Motesquieu tidak memasukkan kekuasaan federatif karena kekuasaan pengadilan itu sebagai kekuasaan yag berdiri sendiri. Hal ini disebabkan oleh karena dalam pekerjaannya sehari-hari sebagai seorang hakim, Montesquieu mengetahui bahwa kekuasaan eksekutif itu berlainan dengan kekuasaan pengadilan.Sebaliknya oleh Motesquieu kekuasaan hubungan luar negeri yang disebut John Locke sebagai kekuasaan federatif, dimasukkan kedalam kekuasaan eksekutif[13].
Oleh Montesquieu dikemukakan bahwa kemerdekaan hanya dapat dijamin, jika ketiga fungsi tersebut tidak dipegang oleh satu orang atau badan, tetapi oleh tiga orang atau badan yang terpisah. Dikatakan olehnya:”Kalau kekuasaan legislatif dan kekuasaan eksekutif disatukan dalam satu orang atau dalam satu badan penguasa, maka tak akan ada kemerdekaan. Akan merupakan malapetaka kalau seadainya satu orang atau satu badan, apakah terdiri dari kaum bangsawan ataukah dari rakyat jelata, diserahi menyelenggarakan ketiga-tiga kekuasaan itu, yakni kekuasaan membuat undang-undang, menyelenggarakan keputusan-keputusan umum dan mengadili persoalan-persoalan antara individu-individu”. Pokoknya Montesquieu dengan teorinya itu menginginkan jaminan bagi kemerdekaan individu terhadap tindakan sewenang-wenang dari penguasa. Dan hal itu menurut pandangannya, hanya mungkin tercapai, jika diadakan pemisahan mutlak antara ketiga kekuasaan tersebut.[14]
Dalam doktrin Trias Politica tersebut,Eksekutif yang mana dalam hal ini presiden betugas untuk mengurusi urusan pemerintahan sehari-hari, sedang pembuatan undang-undang oleh parlemen/DPR sebagai lembaga legislatif, dan Yudikatif bertugas dalam pelaksanaan undang-undang oleh lembaga peradilan[15]. Presiden di Indonesia memiliki wewenang,kewajiban dan hak sbb:
· Memegang kekuasaan pemerintahan menurut UUD.
· Memegang kekuasaan yang tertinggi atas Angkatan Darat, Angkatan Laut, dan Angkatan Udara.
· Mengajukan Rancangan Undang-Undang kepada Dewan Perwakilan Rakyat (DPR).
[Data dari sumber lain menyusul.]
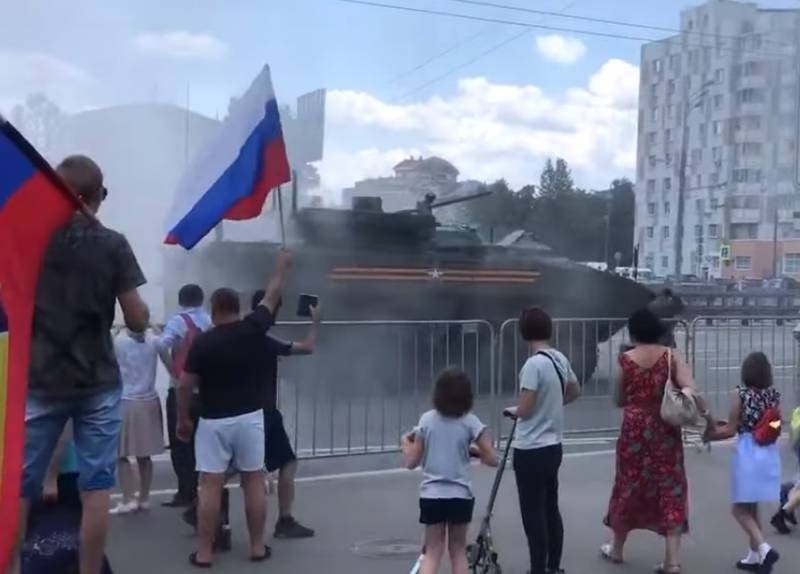 В сети обсуждают дымящий БТР «Boomerang», возвращавшийся с парада на Красной площади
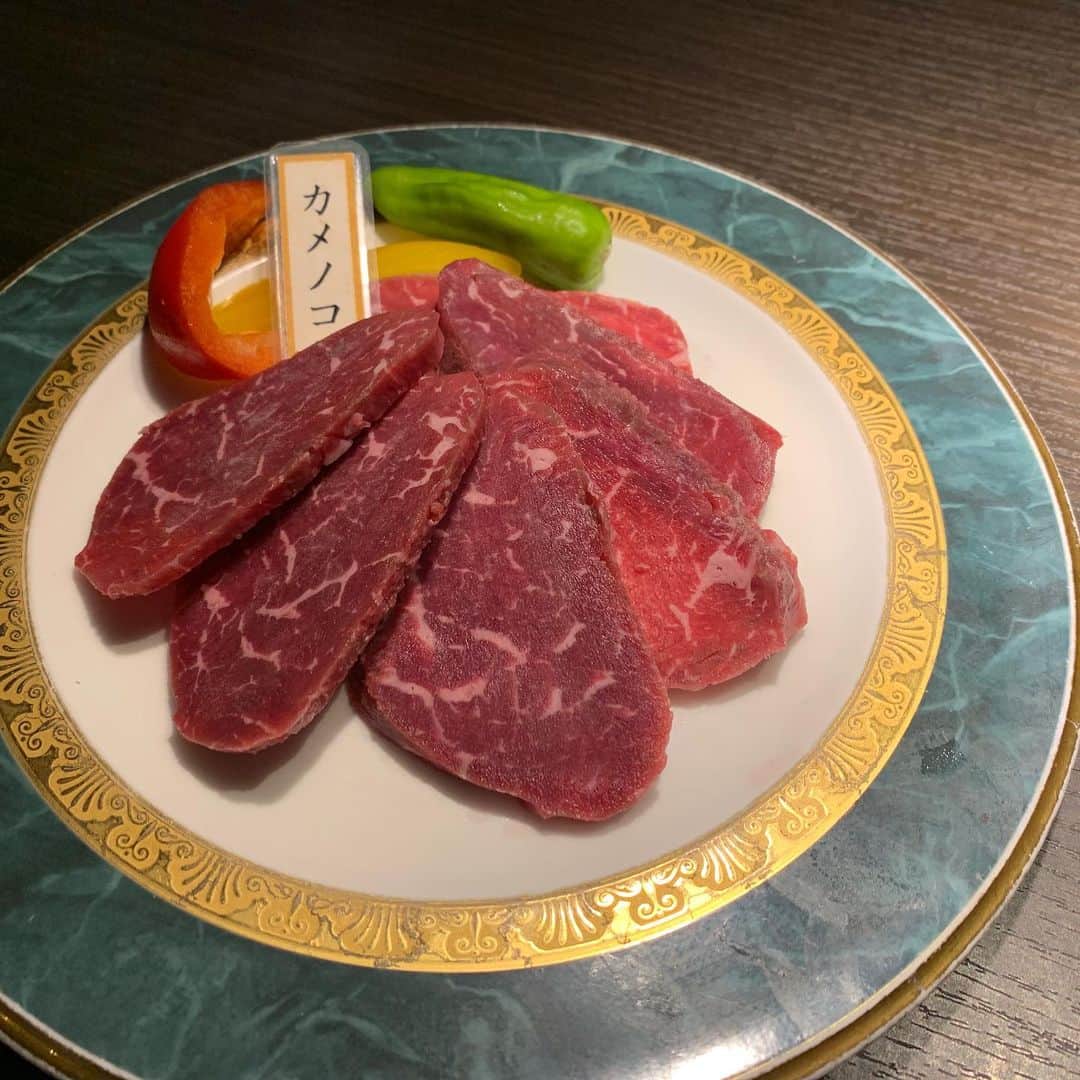 のインスタグラム：「. 🐮 🐮 【炭火焼肉bistro山城牛】 本日も元気に営業しております🐯 . 本日のオススメは ❗️かめのこ❗ しんしんの隣にありしんしんを守るかのような位置にございます✨ あまり焼かずレア気味に召し上がるのがオススメでございます🤤 赤身好きにはたまらないと思います。 是非お求めください🙇‍♂️ . . . 🐮 🐮 〜 当店のご紹介 〜 那覇市松山 沖縄県産黒毛和牛 【山城牛】のA5ランクを焼肉で提供する専門店🐮 ボトル、グラス共にワインの品揃えは県内随一🍷 @yamasiro029 . . 〜 系列店舗のご紹介 〜 . 那覇新都心 本格和洋創作が豊富なドリンクと一緒に一つのテーブルで楽しめる🍽 【和洋ダイニング おもろはうす】 @omorohouse . 那覇市牧志(沖映通り) 幻の和豚 交配率100%の純血金武アグーのみを使用する専門店 【金武アグーしゃぶしゃぶ 琉球】 @kinagu.ryukyu . ご予約は各アカウント、その他グルメサイトからお願い致します🙇‍♂️🙇‍♀️ . . #沖縄 #炭火焼肉 #bistro #山城牛 #沖縄焼肉 #肉 #那覇市 #那覇市松山 #和牛 #ワイン #誕生日 #okinawa #naha #yakiniku #wagyu #wine #instagram #instagramer #foodstagram #foodie #foodporn #instagood #デート #接待 #顔合わせ #かめのこ#おもろはうす #金武アグー #金武アグーしゃぶしゃぶ琉球 .」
Presiden melakukan pembahasan dan pemberian persetujuan atas RUU bersama DPR serta mengesahkan RUU menjadi UU.
· Menetapkan Peraturan Pemerintah Pengganti Undang-Undang (dalam kegentingan yang memaksa).
· Menetapkan Peraturan Pemerintah.
· Mengangkat dan memberhentikan menteri-menteri.
· Menyatakan perang, membuat perdamaian dan perjanjian dengan negara lain dengan persetujuan DPR.
· Membuat perjanjian internasional lainnya dengan persetujuan DPR.
· Menyatakan keadaan bahaya.
· Mengangkat duta dan konsul. Dalam mengangkat duta, Presiden memperhatikan pertimbangan DPR.
· Menerima penempatan duta negara lain dengan memperhatikan pertimbangan DPR.
· Memberi grasi, rehabilitasi dengan memperhatikan pertimbangan Mahkamah Agung.
· Memberi amnesti dan abolisi dengan memperhatikan pertimbangan DPR.
· Memberi gelar, tanda jasa, dan tanda kehormatan lainnya yang diatur dengan UU.
· Meresmikan anggota Badan Pemeriksa Keuangan yang dipilih oleh DPR dengan memperhatikan pertimbangan Dewan Perwakilan Daerah.
· Menetapkan hakim agung dari calon yang diusulkan oleh Komisi Yudisial dan disetujui DPR.
· Menetapkan hakim konstitusi dari calon yang diusulkan Presiden, DPR, dan Mahkamah Agung.
· Mengangkat dan memberhentikan anggota Komisi Yudisial dengan persetujuan DPR.[16]
Berbicara masalah DPR sendiri memiliki runtutan historis yang cukup panjang, dimana pada awal kemerdekaan(1945-1949), lembaga-lembaga negara seperti yang diamanatkan oleh UUD 1945 belumlah terbentuk. Berbekal pada pasal 4 aturan peralihan UUD 1945 dibentuklah KNIP yang mana merupakan benih lahirnya badan legislatif di Indonesia. Jumlah anggota KNIP tersebut adalah 60 orang tetapi dalam berbagai literatur disebutkan bahwa jumlahnya adalah 103 orang[17]. Pada era Republik Indonesia Serikat(1949-1950) keberadaan DPR tidak diketahui secara jelas hal ini dinafaskan karena terjadinya kekacauan politik, dimana fokus utama berada di pemerintah federal RIS.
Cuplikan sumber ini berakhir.